Calculating load for lighting

[dsbrown]

I've been discussing panel schedules in our office. Currently when filling out the load for lighting, the panel schedule that is being used in the offices takes the lighting at a demand factor 125% (you enter the VA load of the light fixtures on a circuit and the schedule multiplies that value by 1.25 to calculate the total VA load on the panel). The two sections that are in question (2005 NEC) are 220.42 and 220.20(A).

Some of the group contended that because of 220.20(A) stating that continuous load is multiplied by 125% to calculate the size of overcurrent protection serving the circuit (and lighting being a continuous load) that the 125% also applied to the VA load entered into the panel schedule.

The other faction contended that, refering to paragraph and table 220.42, that the demand factor used should be 100% (office building application) and that the VA value entered on the on the panel schedule should only be multiplied by one.

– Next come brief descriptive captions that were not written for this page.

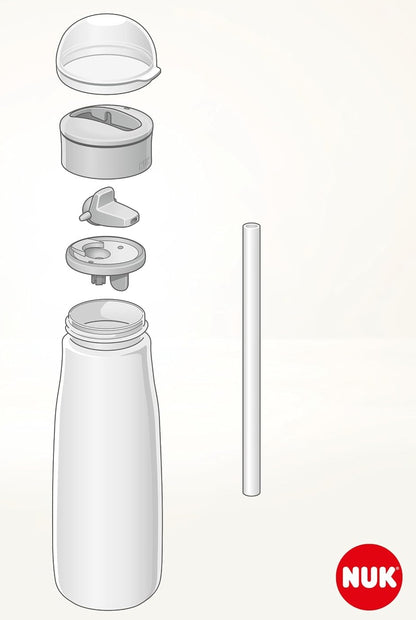 NUK Mini-Me Flip ατσάλινο μπουκάλι με καλαμάκι και στόμιο 500 ml 12 μηνών+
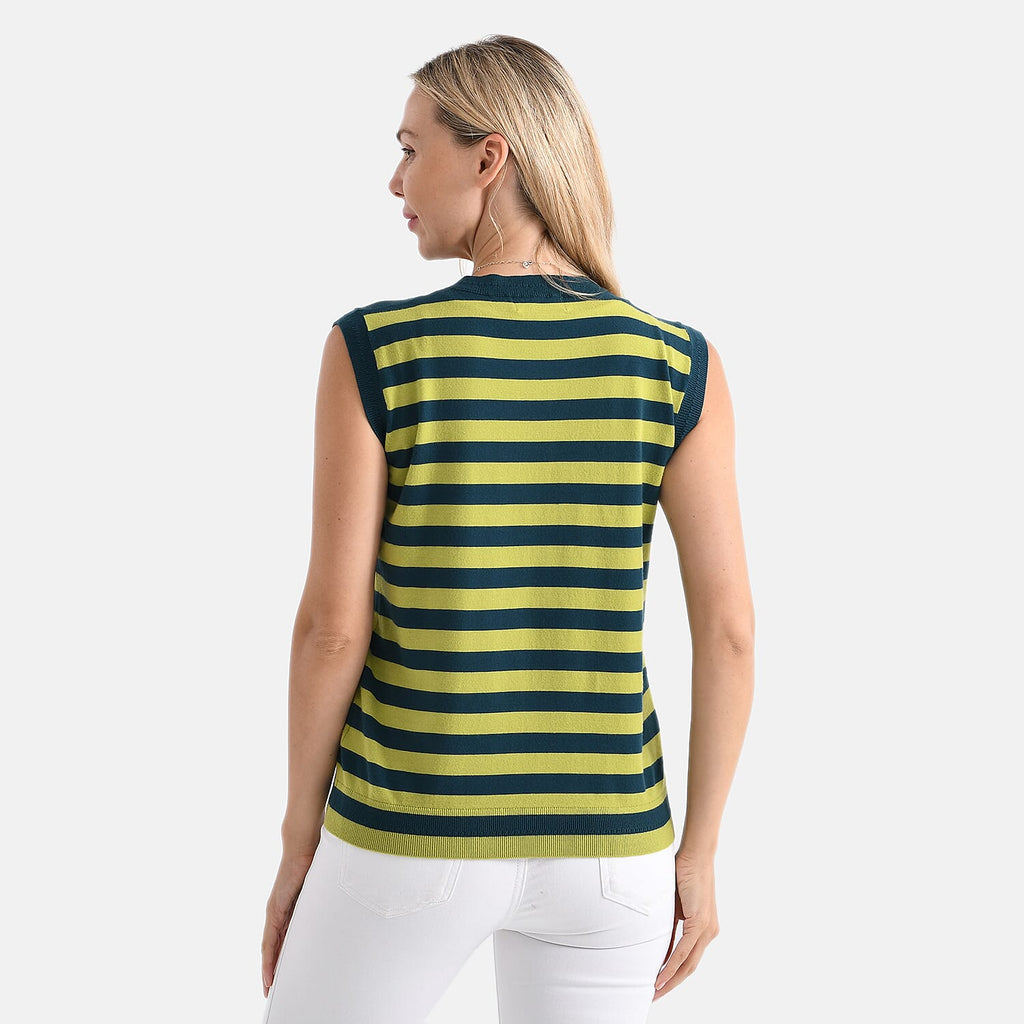 & Maisi Striped Vest (Size - XXL) - Green & Green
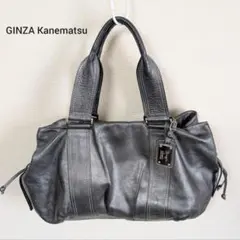 銀座かねまつ Kanematsu レザートートバッグ グレー ヒールチャームのサムネイル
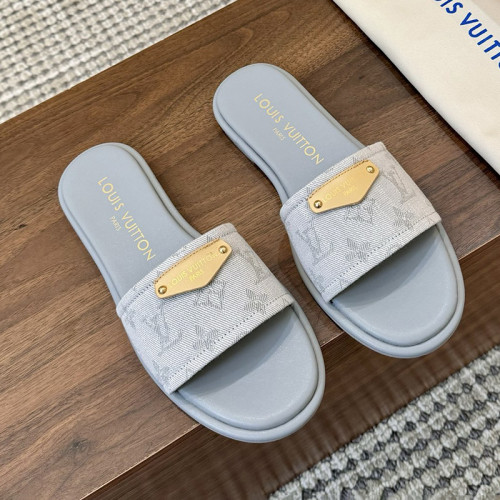 Louis Vuitton Womens Shoes Sandals Slippers Luxury Brand LV Lily Flat Mule 1AGX45 with Original Box Whatsapp 【+1-3239614486】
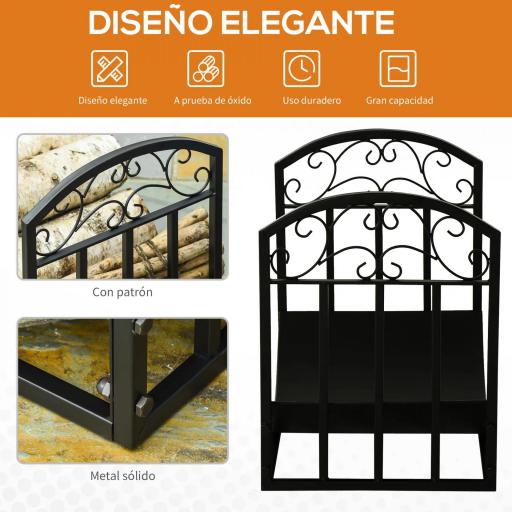 Soporte para Leña de Interior y Exterior en Metal con Estante Curvo de Leña 60,5x36x46,5 cm Negro [4]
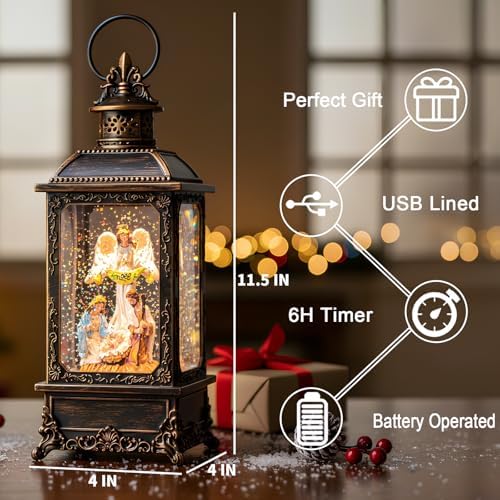 Christmas Snow Globes, Manger Snowflake Ball Nativity Scene, Silent Night Music Water Lantern, USB Powered & Battery, Holiday Decorations Gifts for Family, Children or Friend - Image 2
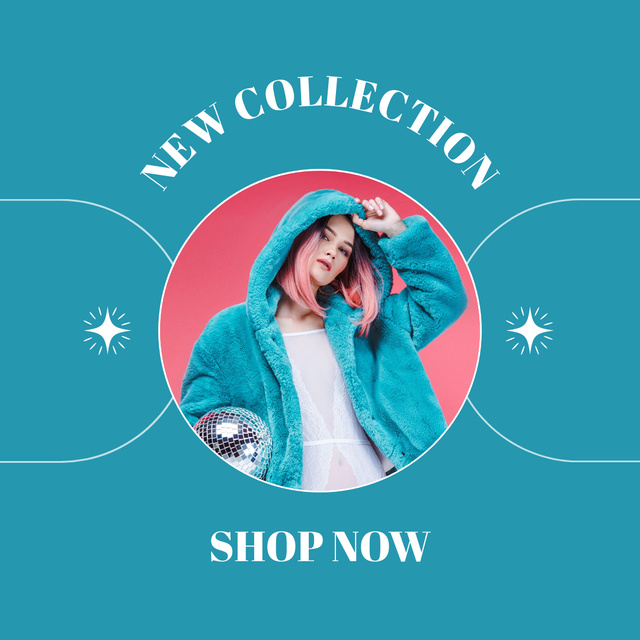 Designvorlage New Garments Collection Offer In Shop In Blue für Instagram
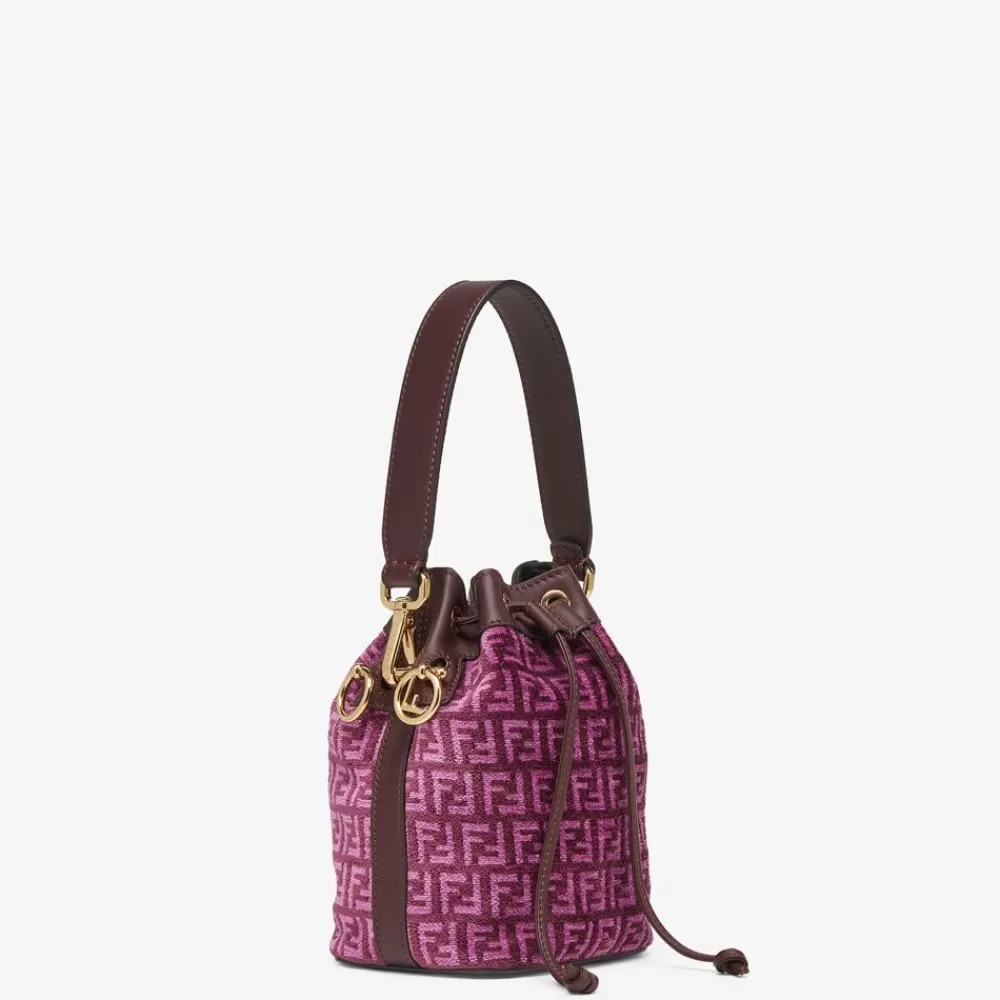 Borse Mini>Fendi Minibag In Tessuto Tapestry Rosa Con Motivo Ff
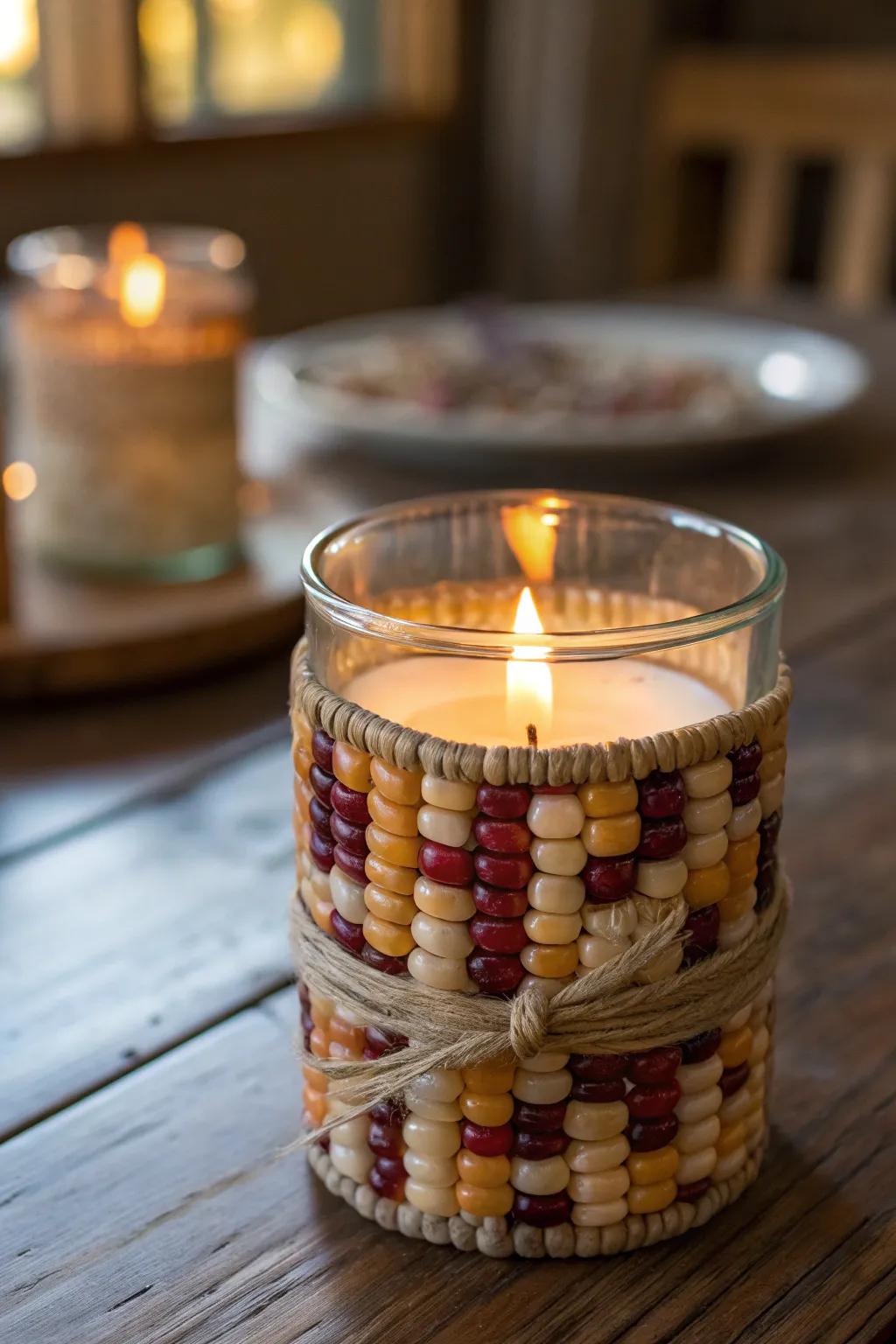 A glass candle holder wrapped with Indian corn, casting a warm autumn glow.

Are there any other sections that apply to this question (we didn't note any others that applied directly to this question)? And what is the value that lighting load VA needs to be multiplied by to calculate the total VA load on a panel?

Thanks in advance,

 

[jtester]

I will probably be corrected, but I beleive that you take the individual branch circuits X 1.25 when continuous and add them up. In the case of an office, there is no diversity allowed so you then multiply that answer by 100%.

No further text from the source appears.